Bleeding Into Commercial

“The weakness in housing is bleeding into the commercial real estate market,” said Michelle Meyer, an economist with Barclays Capital Inc. in New York. “If the distress in the real estate market was contained to housing, particularly to subprime, which a lot of people thought, the argument that it wouldn’t bleed into the commercial market would be true. But it’s not contained.”

Geithner may expand the Term Asset-Backed Securities Loan Facility, or TALF, a $200 billion Federal Reserve fund now set up to purchase school, car, credit card and small business loans, to $1 trillion and use it to buy the highest-rated commercial and residential mortgage-backed securities.

“Heaven knows these real estate entities need access to debt, so anything that helps is a plus,” said Rich Moore, a real estate analyst for RBC Capital Markets in Solon, Ohio. “The mere appearance of government support will be helpful.”

REIT Index

The Bloomberg REIT Office Property Index, which measures the performance of 14 real estate investment trusts, has declined 49 percent in the last 12 months and 18 percent from the beginning of the year through yesterday.

“There’s no question that the commercial real estate market is under a great deal of stress and it’s going to continue to be and will probably be worse a year from now than today,” Bank of New York Mellon Corp. Chief Executive Officer Robert Kelly told Congress Feb. 11.

Sales of commercial mortgage-backed bonds fell to $12.2 billion last year, compared with a record $237 billion in 2007, according to JPMorgan Chase data.
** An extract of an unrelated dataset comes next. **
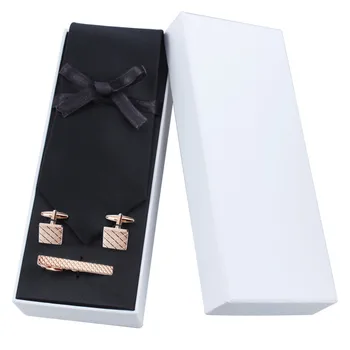 

HAWSON Men’s Solid Color Necktie for Suit with Cuff Links and Tie Clip Set – Professional Gentleman’s Gift Box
The last sale of a fixed-rate, non-government-supported commercial mortgage-backed bond was June 19, 2008, Bloomberg data shows.

‘About Face’

“The problem is the sudden about-face,” said Harley Goldstein, partner and head of the bankruptcy and restructuring group for Bell, Boyd & Lloyd LLP in Chicago. “We went from an economy where banks threw money at anything to an economy where banks don’t lend to anybody. That’s why we have this train wreck.”
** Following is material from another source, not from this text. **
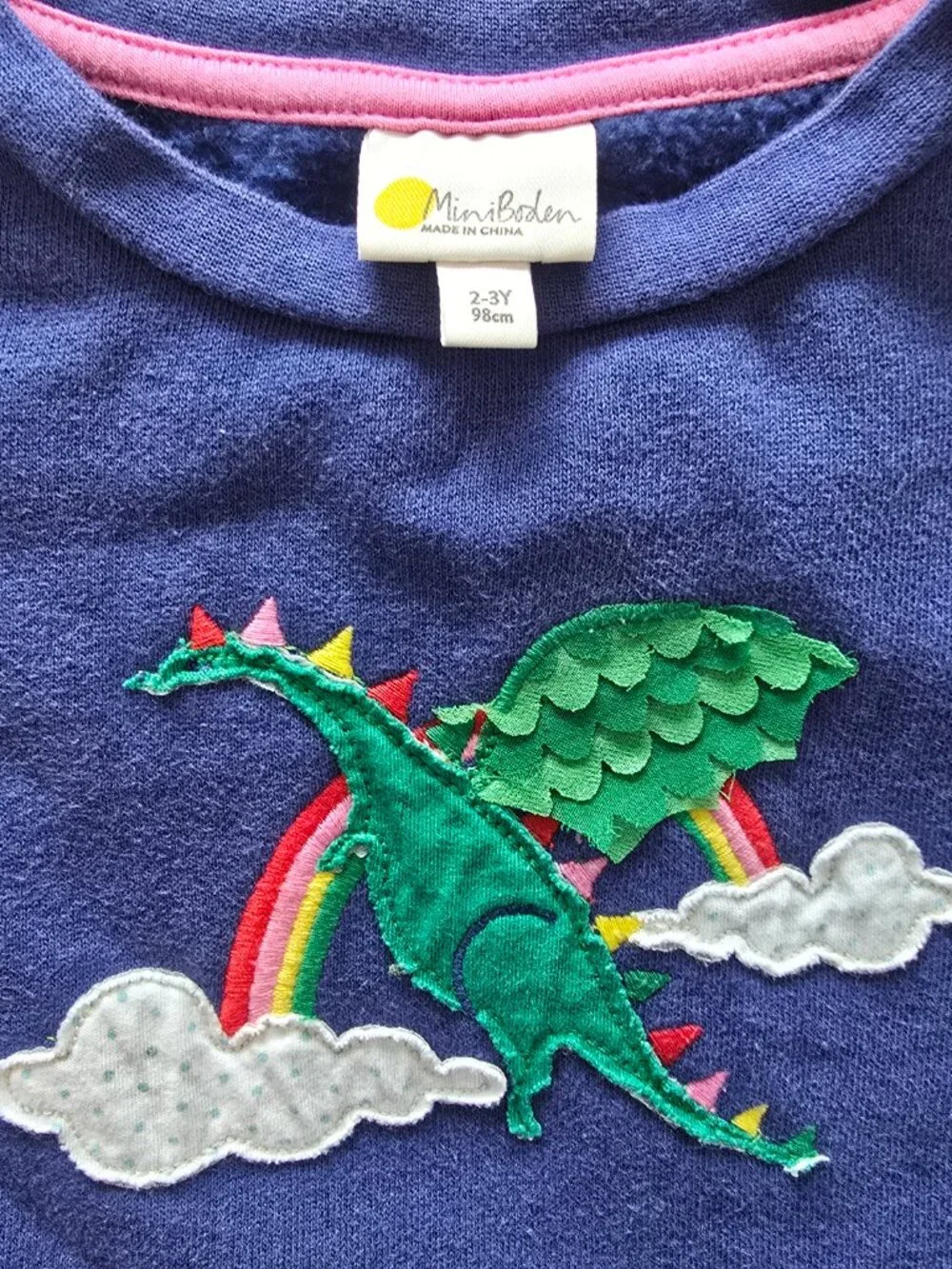 2-3Y Mini Boden Girls Dragon Applique Sweatshirt Dress & Tights Set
The U.S. housing market shed $3.3 trillion in value last year, according to Zillow.com, a Seattle-based real estate data service. Every dollar lost on home values translates to six cents less in consumer spending, meaning that almost $200 billion was cut out of the retail economy in 2008, according to Ethan Harris, co-head of U.S. economics research for Barclays Capital in New York.

“Directly and indirectly, the housing market collapse accounts for more than half the recession right now,” Harris said in an interview.
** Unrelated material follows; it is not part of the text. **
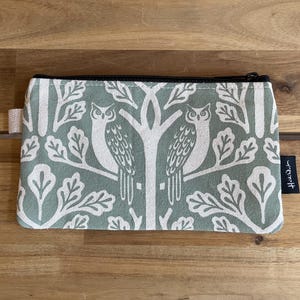 Estuche con cremallera con diseño de búho y roble - Monedero con cremallera - Serigrafía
With the exception of Delaware, where many of the companies are registered but do not have headquarters, California, Florida, Arizona and Georgia had the most commercial real estate companies filing for Chapter 11 bankruptcies in the three months ended Dec. 31, according to Marcus & Millichap.

Foreclosures Rise

Arizona, Florida and California followed Nevada as the states with the most residential foreclosure filings and Georgia was No. 7, Irvine, California-based RealtyTrac said.

The Marcus & Millichap data covers Chapter 11 filings in bankruptcy court districts by commercial real estate businesses, said Jacob Steele of the company’s special assets group in Denver. RealtyTrac collects data from more than 2,200 counties that are home to more than 90 percent of the U.S. population.

“The bankruptcies are mostly due to lack of financing and the decrease generally in commercial property value and performance,” Steele said.

Eight of 10 banks surveyed by the Federal Reserve reported making standards more stringent for commercial real estate loans in the fourth quarter. In the third quarter, 85 percent of banks tightened credit guidelines, the Fed said.

“The commercial real estate market hasn’t been a focus, and it’s hard to debate that that wasn’t appropriate,” said Dave Cardwell, vice president of capital markets for the National Multi Housing Council in Washington, an apartment landlord organization. “Now the government can now take preventative steps to shore up commercial real estate.”

The Moody’s/REAL National CPPI Office Price Index dipped 8.7 percent in the third quarter from its high in June 2007.